I am proud to announce the opening of a new website — an umbrella website called the North Carolina Biodiversity Project, which serves as the home for a number of existing websites on taxonomic groups of animals found in North Carolina, as well as a home for lists/checklists of a large number of taxonomic groups of animals, as well.  Its URL is:

On the homepage, under Taxonomic Groups you can click on a number of “Websites”, as well as several additional “Checklists”, for various taxonomic groups.  You might already have bookmarked existing sites such as Mammals, Butterflies, and Dragonflies and Damselflies.  The Moths website has only recently opened, as has the Hemipteran Hoppers.  The Grasshoppers, Crickets, and Katydids site is still under construction, though a Checklist is available.  Checklists for Amphibians and Reptiles, plus Birds, is also available on the site.

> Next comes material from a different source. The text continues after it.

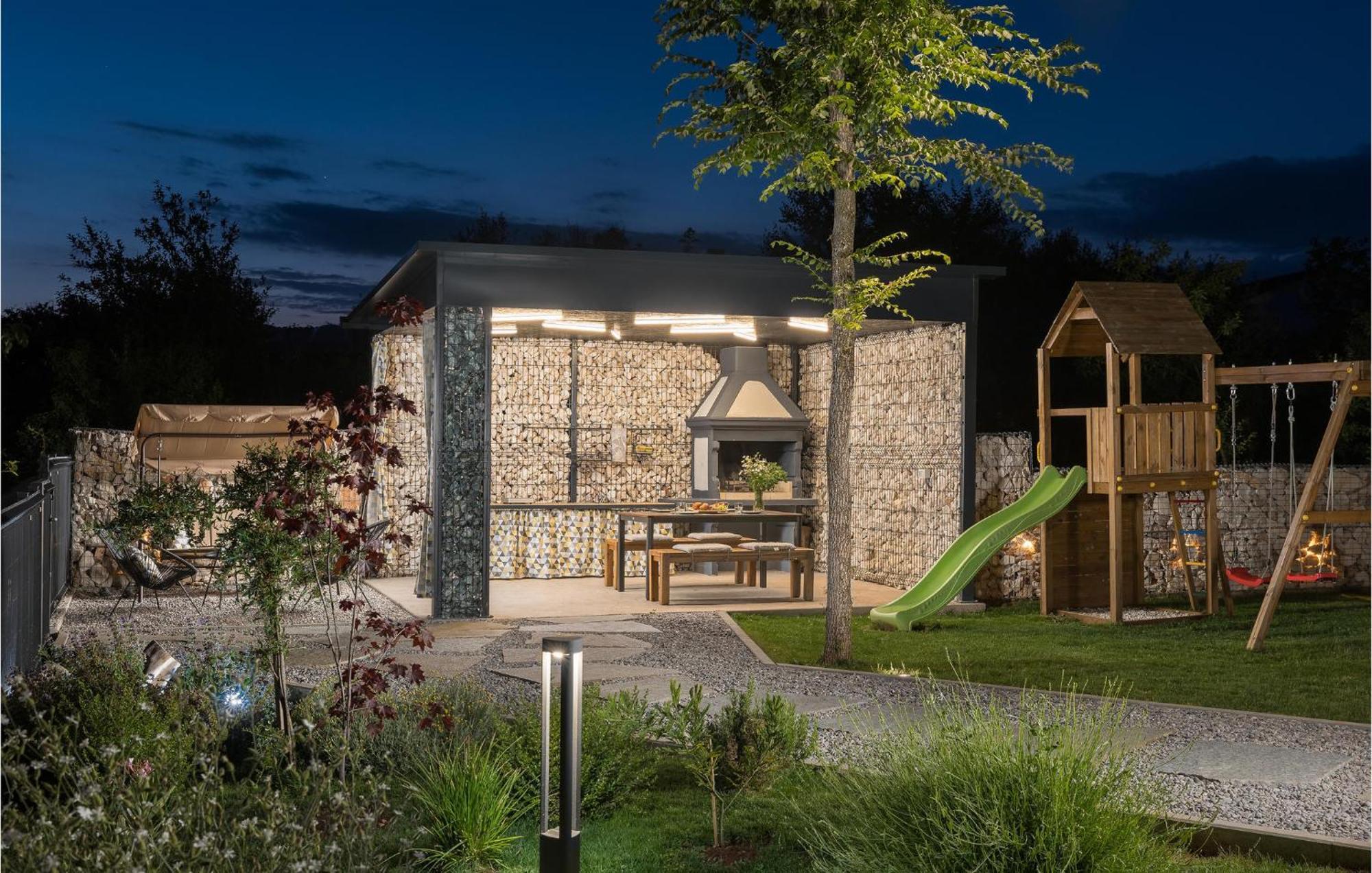 Beautiful Home In Tinjan With Jacuzzi Dış mekan fotoğraf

You will also see a number of Related Links on the bottom of the homepage.  These links to other existing websites (not part of the NCBP) should help you learn more about the names, statuses, ranges, and other information about the animals of North Carolina.

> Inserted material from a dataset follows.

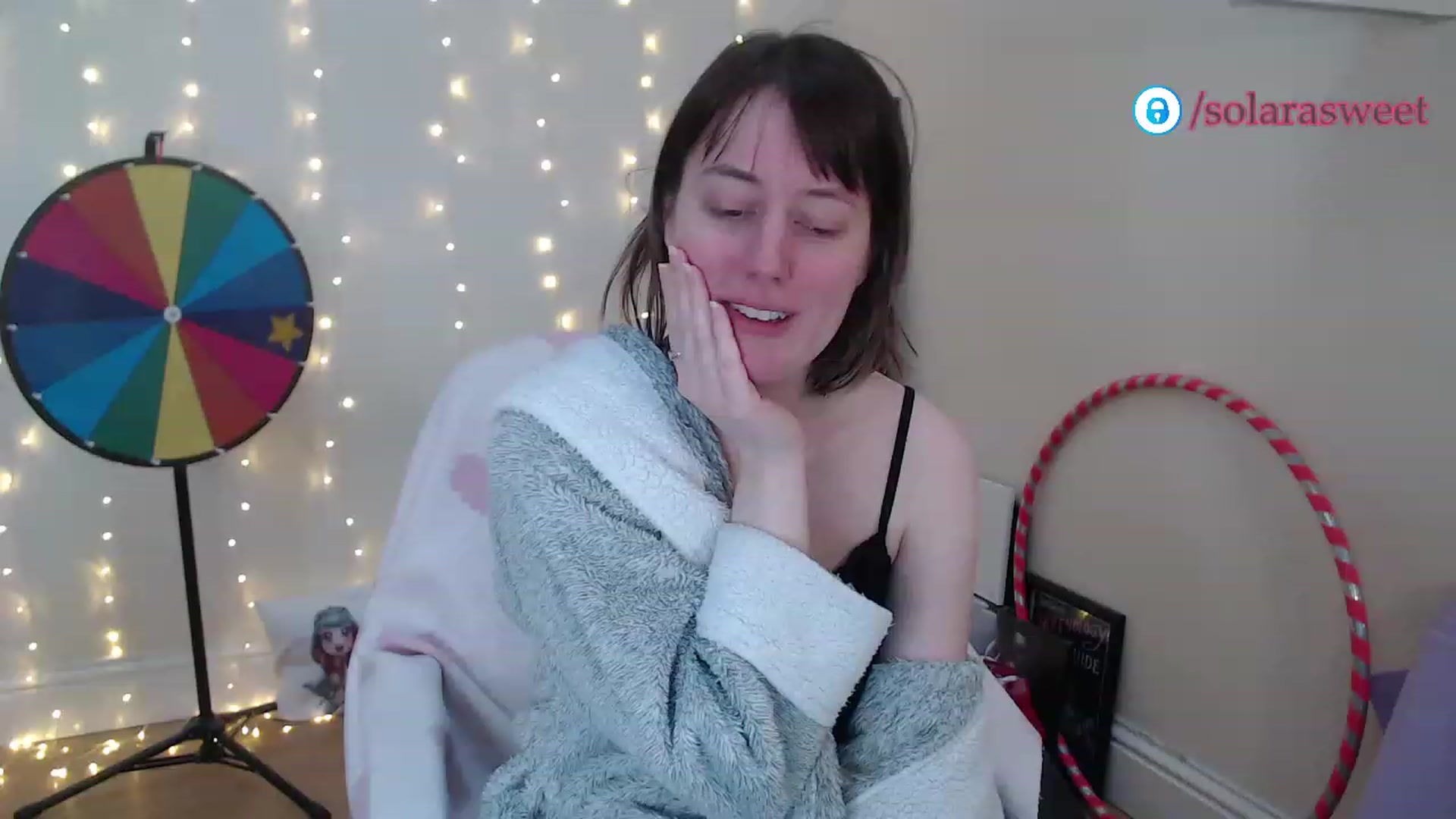 Gallery image thumbnail from xSolaraSweetx's myfreecams stream on, 01/04/2023, 09:54 image 9 of 20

A Vascular Plants website is currently being developed and will be uploaded onto the NCBP website in the next month or two, though much work still needs to be done with the plant list (as it contains roughly 4,000 taxa!).  More details on this list will be presented when it goes online.  New checklists will soon be uploaded on groups such as Freshwater Fishes, Coastal/Marine Fishes, Freshwater Mussels, Snails/Gastropods, Crayfishes, and additional taxonomic groups.

So, take a look at the new NCBP site, bookmark it, and use it as an umbrella site so that you can more easily get to the array of existing websites and checklists of the animals of the state.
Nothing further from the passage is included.